* **EXERCISE**
Look through the data below for the line with "a living room", and transcribe it exactly together with each line after it up to and including the line with "Man hiker standing". Give nothing else.

* **MATERIAL PROVIDED**

+--

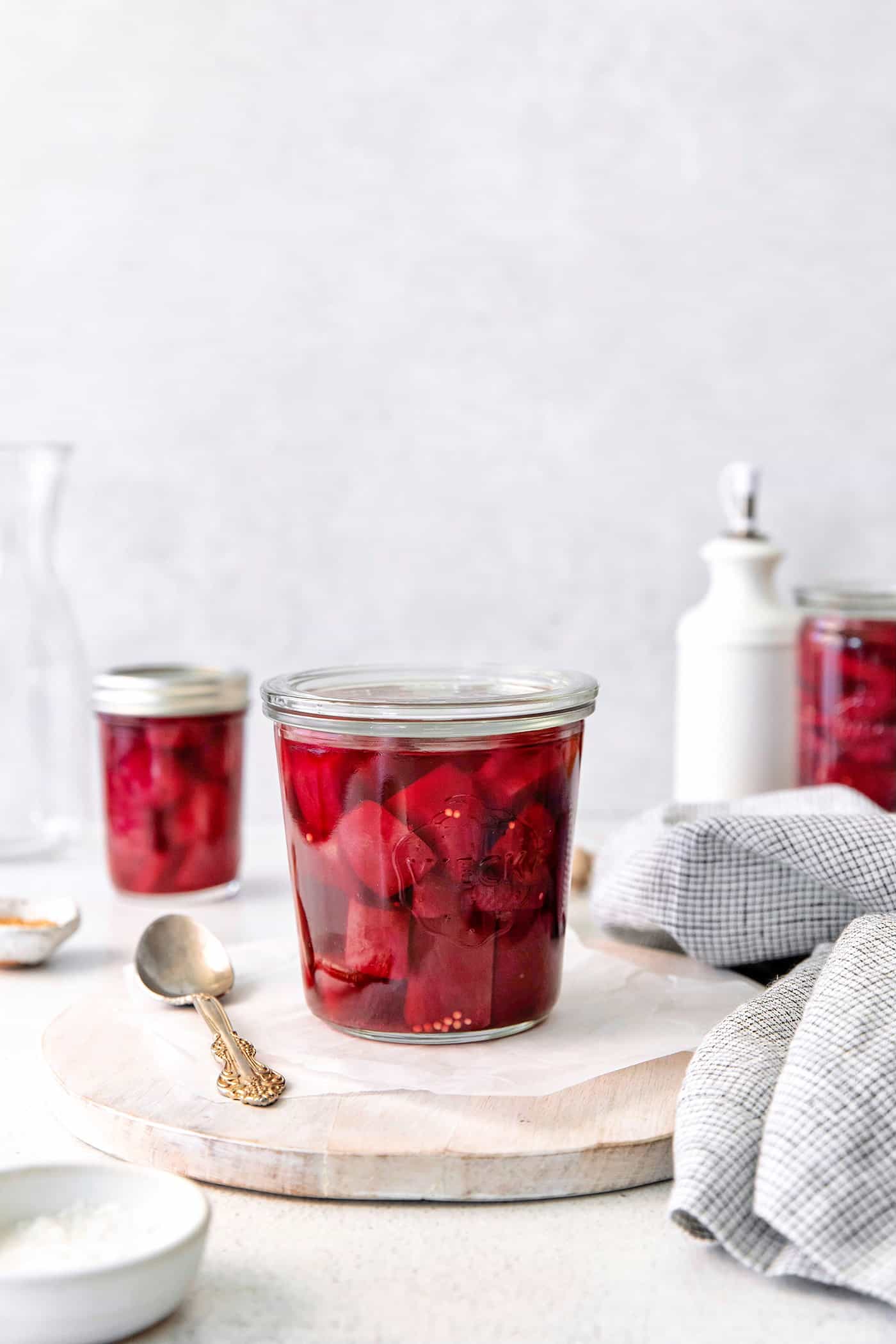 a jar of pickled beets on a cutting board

+--

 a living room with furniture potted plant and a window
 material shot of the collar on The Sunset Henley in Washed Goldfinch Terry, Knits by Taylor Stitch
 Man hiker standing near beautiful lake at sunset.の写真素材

+--

* **EXPECTED ANSWER**
 a living room with furniture potted plant and a window
 material shot of the collar on The Sunset Henley in Washed Goldfinch Terry, Knits by Taylor Stitch
 Man hiker standing near beautiful lake at sunset.の写真素材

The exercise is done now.